Gemütlichkeit. It’s exactly the word to describe the “Afternoon in Vienna” concert that was presented Sunday afternoon in the sanctuary of St. Matthias Episcopal Church. Wikipedia has a good definition: Gemütlichkeit is “a situation that induces a cheerful mood, peace of mind, with connotation of belonging and social acceptance, coziness and unhurry.”

I should make full disclosure. I’m a parishioner of St. Matthias church and thus benefit from the free will offering that is applied to restoration of the historic church. I hasten to add that the audience also benefits. The new pew cushions improve visitors’ comfort, and the new roof prevents experiencing the gross discomfort of sitting under a drip.

This year marks the eighteenth year of the concert series “First Sundays at St. Matthias.” Gratitude is owed to the musicians, mostly professional, who volunteer their services for every one of these concerts arranged under the skilful guidance of Music Director Ron Lambe. The January concert has, for a number of years, been a celebration of the New Year in the nostalgic style of nineteenth-century Vienna featuring a 30-member orchestra directed this year by young conductor Nicholas O’Leary.

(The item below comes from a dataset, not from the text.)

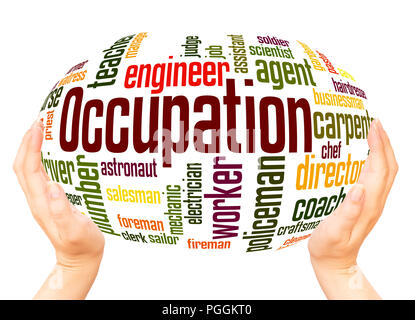 Professions, Different jobs, Career Selection, Occupation word cloud hand sphere concept on white background. Stock Photo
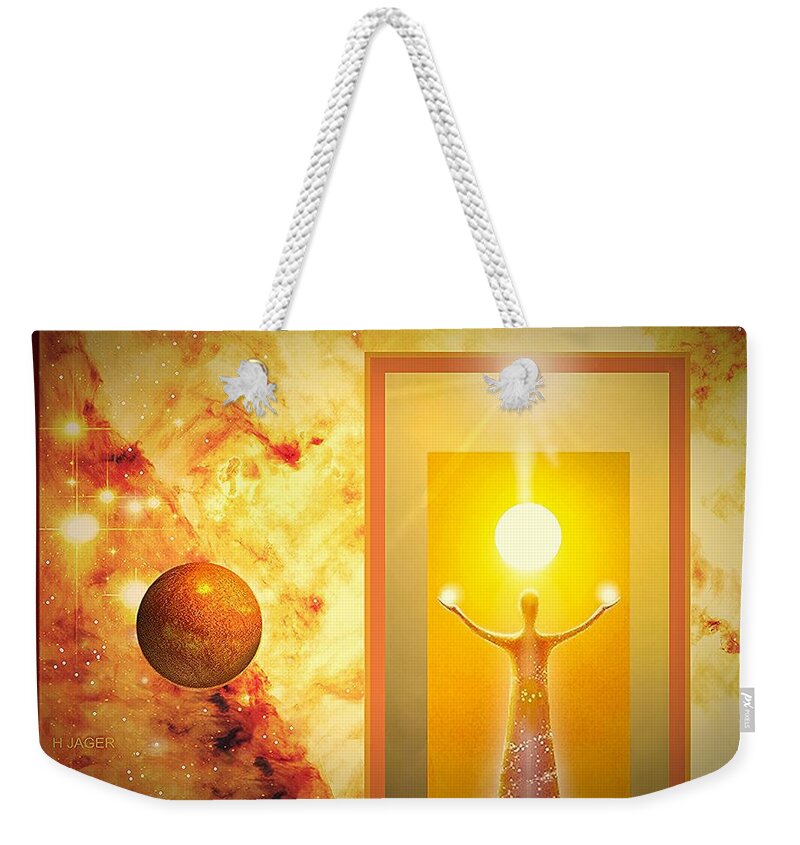Dimension Weekender Tote Bag featuring the mixed media Higher Dimension by Hartmut Jager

O’Leary is a new face in town; after studying for two years with celebrated conductor John Mauceri at the NC School of the Arts in Winston-Salem, O’Leary is now a student at UNC-Asheville. It soon became clear that he has the basic apparatus of a conductor: a clear beat, a sense of the structure of each piece, and a quiet authority. He uses body language such as hunched shoulders effectively (and probably facial expressions that I could not see from behind him) but still needs to develop his “left hand” technique. Great conductors use their left hand to convey subtle distinctions quite independently of the right hand that provides the beat. He showed confidence and aplomb in stopping the orchestra quickly and restarting when there was confusion at the onset of the “Elfen Polka.”

The program was dominated by familiar works of Johann Strauss, Jr., beginning with the “Thunder and Lightning Polka” and including the “Emperor Waltzes,” the aforementioned “Elfen Polka,” and the “Blue Danube Waltzes.” Two couples added ballroom dancing in the aisles of the church to most of the waltzes and polkas. I felt that it was a nice touch that one couple was dressed in elegant Viennese fashion while the other couple appeared in Hungarian-themed costume. It was, after all, the Austro-Hungarian Empire that we were celebrating.

Eduard Strauss, the third son of Johann Strauss, Sr., specialized in the “fast polka.” His “Doctrine Waltz,” presented third on the program, was a curiosity in the midst of otherwise familiar works. Eduard Strauss’ tunes are pleasant and his use of countermelodies is skilful, but the orchestration is mostly unremarkable. It seems clear why he was never as successful as his brothers Johann Strauss, Jr., and Josef Strauss.

Mary Luna sang two favorite arias from Viennese operettas, the “Laughing Song” from Johann Strauss, Jr.’s Die Fledermaus and “Vilia” from Franz Lehar’s The Merry Widow. This young soprano has a strong voice that filled the hall, a confident upper range, and a well-controlled vibrato that was a little rapid for my taste. She is affiliated now with Asheville Lyric Opera, and I hope to hear more from her.

In the best Viennese tradition, the concert ended with the “Radetsky March” of Johann Strauss, Sr. O’Leary skillfully directed both the orchestra in performing the work and the audience of nearly two hundred in their rhythmic clapping. He managed with hand signals to cut off the clapping where it should cease and even to direct the audience to clap softly and then fortissimo at the climax. It was a pleasure to see this young conductor at work. John Mauceri should be proud of his protégé.